Provided data:
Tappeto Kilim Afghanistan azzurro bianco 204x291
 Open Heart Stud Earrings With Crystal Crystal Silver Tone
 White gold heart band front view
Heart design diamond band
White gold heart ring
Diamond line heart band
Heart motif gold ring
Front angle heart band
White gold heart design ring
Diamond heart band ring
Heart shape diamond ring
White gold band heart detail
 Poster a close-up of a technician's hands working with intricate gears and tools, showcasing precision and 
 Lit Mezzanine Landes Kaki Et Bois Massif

Work required: Every entry above needs to be written out again exactly.

Output for this task:
Tappeto Kilim Afghanistan azzurro bianco 204x291
 Open Heart Stud Earrings With Crystal Crystal Silver Tone
 White gold heart band front view
Heart design diamond band
White gold heart ring
Diamond line heart band
Heart motif gold ring
Front angle heart band
White gold heart design ring
Diamond heart band ring
Heart shape diamond ring
White gold band heart detail
 Poster a close-up of a technician's hands working with intricate gears and tools, showcasing precision and 
 Lit Mezzanine Landes Kaki Et Bois Massif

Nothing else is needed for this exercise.